**WORK ITEM**
Each line below with the string "Renault" should be copied.

[Stored data]
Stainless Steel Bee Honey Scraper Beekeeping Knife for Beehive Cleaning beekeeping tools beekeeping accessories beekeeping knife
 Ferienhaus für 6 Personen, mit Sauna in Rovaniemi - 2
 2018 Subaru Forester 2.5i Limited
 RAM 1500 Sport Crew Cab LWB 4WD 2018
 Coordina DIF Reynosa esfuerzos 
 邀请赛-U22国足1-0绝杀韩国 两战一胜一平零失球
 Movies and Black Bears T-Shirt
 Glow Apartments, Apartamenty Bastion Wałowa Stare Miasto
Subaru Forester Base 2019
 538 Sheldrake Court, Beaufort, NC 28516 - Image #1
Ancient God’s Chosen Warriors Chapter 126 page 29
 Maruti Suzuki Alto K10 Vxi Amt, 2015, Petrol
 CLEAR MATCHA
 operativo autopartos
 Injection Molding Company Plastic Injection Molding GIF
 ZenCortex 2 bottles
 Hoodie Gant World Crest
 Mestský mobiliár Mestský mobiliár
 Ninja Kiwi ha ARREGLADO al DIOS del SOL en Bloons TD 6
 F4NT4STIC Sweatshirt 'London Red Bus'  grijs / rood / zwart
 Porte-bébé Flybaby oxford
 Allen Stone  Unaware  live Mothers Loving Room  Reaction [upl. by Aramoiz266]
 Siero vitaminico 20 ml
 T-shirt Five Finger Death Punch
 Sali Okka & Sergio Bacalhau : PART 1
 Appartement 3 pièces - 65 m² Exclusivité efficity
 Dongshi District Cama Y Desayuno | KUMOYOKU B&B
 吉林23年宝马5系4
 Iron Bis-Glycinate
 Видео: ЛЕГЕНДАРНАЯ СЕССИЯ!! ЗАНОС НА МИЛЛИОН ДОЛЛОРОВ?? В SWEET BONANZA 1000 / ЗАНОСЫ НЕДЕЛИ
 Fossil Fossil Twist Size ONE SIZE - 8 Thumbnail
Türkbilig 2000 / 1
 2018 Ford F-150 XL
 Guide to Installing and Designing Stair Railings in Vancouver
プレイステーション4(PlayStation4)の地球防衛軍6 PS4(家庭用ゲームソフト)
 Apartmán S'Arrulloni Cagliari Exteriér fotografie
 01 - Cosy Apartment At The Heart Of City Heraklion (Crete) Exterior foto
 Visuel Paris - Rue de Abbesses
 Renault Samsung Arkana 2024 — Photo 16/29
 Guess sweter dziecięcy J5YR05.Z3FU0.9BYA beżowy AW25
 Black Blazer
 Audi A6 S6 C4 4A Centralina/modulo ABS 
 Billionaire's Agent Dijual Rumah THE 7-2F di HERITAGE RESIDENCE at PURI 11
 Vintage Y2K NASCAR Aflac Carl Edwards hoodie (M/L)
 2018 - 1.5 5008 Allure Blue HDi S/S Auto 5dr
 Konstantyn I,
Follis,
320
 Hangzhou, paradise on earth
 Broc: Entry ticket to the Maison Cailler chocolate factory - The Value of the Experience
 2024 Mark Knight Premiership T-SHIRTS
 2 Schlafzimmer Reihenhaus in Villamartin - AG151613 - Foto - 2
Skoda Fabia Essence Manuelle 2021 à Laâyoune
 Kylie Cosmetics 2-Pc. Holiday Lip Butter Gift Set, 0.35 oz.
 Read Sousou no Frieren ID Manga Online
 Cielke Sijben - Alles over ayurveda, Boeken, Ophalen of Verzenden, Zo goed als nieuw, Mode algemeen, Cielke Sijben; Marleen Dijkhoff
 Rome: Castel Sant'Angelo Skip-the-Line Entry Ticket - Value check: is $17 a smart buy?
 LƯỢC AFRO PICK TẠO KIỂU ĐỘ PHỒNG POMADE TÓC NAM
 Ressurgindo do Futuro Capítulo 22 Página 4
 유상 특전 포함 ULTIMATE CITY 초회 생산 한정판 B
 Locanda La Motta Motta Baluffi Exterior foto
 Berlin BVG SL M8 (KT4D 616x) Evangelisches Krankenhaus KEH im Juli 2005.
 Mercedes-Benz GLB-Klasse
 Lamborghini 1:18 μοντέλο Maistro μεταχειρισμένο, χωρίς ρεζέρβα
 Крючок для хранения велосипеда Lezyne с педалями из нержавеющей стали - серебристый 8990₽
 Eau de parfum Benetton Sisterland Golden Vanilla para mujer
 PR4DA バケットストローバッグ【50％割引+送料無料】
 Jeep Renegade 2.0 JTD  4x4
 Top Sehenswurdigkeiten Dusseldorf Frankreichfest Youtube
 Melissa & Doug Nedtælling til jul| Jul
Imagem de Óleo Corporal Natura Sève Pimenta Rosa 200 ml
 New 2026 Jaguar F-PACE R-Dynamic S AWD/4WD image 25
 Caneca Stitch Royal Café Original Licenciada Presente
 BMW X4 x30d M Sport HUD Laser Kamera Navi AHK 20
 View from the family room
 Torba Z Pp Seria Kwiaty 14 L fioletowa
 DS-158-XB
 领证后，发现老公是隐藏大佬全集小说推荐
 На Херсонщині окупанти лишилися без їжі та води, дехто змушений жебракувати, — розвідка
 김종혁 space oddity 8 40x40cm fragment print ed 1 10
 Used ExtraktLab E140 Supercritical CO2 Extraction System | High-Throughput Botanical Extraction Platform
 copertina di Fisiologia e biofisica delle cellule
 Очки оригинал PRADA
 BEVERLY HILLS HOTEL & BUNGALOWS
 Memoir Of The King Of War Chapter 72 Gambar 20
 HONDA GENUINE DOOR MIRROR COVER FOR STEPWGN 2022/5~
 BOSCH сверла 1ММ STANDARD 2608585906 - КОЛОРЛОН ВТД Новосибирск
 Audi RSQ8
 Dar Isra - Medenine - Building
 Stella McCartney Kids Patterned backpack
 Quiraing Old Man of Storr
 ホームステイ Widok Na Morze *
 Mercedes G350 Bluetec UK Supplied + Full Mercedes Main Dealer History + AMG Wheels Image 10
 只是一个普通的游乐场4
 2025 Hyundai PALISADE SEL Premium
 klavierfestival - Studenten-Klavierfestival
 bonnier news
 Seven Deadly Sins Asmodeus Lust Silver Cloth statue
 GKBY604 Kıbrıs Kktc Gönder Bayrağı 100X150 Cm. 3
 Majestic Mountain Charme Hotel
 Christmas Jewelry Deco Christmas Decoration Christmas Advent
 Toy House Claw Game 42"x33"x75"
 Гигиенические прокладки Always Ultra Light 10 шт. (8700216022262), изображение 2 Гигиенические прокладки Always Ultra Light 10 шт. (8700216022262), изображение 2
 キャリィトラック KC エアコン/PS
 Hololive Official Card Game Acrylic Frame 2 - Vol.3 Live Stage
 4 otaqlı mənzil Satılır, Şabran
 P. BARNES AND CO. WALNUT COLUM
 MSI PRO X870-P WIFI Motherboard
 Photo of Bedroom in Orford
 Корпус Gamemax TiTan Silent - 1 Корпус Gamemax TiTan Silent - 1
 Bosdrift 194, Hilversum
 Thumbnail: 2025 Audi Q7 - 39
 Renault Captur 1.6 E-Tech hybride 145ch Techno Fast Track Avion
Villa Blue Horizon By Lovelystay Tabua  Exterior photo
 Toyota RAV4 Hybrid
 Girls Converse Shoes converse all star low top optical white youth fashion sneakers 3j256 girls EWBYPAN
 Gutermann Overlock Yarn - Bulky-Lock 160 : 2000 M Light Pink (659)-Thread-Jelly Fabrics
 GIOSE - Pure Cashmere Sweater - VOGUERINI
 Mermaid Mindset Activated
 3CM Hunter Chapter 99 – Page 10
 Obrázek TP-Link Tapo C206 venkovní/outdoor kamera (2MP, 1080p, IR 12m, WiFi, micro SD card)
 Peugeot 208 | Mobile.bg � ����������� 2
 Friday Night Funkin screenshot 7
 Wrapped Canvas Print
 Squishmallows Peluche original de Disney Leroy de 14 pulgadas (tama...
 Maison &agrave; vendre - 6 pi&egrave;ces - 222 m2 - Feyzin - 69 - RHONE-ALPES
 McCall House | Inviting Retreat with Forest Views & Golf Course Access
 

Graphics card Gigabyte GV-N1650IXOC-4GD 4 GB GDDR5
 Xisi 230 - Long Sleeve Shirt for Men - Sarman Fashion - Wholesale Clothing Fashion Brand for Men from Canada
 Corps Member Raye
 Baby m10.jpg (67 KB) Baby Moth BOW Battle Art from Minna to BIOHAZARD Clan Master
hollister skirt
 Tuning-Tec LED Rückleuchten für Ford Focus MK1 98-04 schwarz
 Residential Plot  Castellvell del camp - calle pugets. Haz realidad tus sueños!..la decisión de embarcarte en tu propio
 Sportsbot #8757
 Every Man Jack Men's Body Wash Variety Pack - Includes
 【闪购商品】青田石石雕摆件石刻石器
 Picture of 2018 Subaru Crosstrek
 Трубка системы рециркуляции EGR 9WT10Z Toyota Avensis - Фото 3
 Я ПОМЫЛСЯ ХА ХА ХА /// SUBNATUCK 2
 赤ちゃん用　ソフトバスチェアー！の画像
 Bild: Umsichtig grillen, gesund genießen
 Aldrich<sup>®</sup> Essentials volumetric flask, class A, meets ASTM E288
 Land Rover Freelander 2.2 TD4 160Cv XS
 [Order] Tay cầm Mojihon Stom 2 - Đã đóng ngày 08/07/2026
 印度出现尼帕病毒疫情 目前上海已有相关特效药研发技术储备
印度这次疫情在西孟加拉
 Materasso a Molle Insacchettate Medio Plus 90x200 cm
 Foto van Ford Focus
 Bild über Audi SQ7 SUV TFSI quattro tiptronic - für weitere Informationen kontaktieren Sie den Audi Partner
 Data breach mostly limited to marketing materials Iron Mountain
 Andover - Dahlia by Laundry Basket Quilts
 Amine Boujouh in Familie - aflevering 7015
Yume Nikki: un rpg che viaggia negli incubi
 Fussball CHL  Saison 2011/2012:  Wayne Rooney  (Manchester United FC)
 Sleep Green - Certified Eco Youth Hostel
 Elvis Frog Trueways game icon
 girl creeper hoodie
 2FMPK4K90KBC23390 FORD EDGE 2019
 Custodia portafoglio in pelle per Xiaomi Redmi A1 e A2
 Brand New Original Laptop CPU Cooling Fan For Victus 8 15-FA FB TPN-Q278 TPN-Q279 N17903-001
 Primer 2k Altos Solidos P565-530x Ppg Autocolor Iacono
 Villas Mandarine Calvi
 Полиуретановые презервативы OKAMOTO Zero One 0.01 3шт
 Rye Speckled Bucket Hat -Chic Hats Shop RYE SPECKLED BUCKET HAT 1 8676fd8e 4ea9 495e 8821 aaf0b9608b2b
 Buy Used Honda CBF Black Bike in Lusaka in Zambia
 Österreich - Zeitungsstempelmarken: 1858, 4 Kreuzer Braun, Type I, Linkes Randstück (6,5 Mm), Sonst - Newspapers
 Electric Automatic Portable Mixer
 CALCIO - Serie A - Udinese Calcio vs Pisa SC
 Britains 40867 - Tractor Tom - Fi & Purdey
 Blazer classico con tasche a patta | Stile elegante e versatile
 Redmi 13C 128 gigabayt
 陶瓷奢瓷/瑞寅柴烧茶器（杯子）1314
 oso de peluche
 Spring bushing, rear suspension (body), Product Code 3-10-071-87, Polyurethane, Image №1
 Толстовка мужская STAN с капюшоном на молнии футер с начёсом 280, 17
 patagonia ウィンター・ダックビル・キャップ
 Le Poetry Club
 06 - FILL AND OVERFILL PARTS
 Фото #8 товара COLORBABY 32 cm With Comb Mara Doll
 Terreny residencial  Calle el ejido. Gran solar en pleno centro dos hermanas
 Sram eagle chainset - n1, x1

**RESPONSE TO THIS TASK**
 Renault Samsung Arkana 2024 — Photo 16/29
 Renault Captur 1.6 E-Tech hybride 145ch Techno Fast Track Avion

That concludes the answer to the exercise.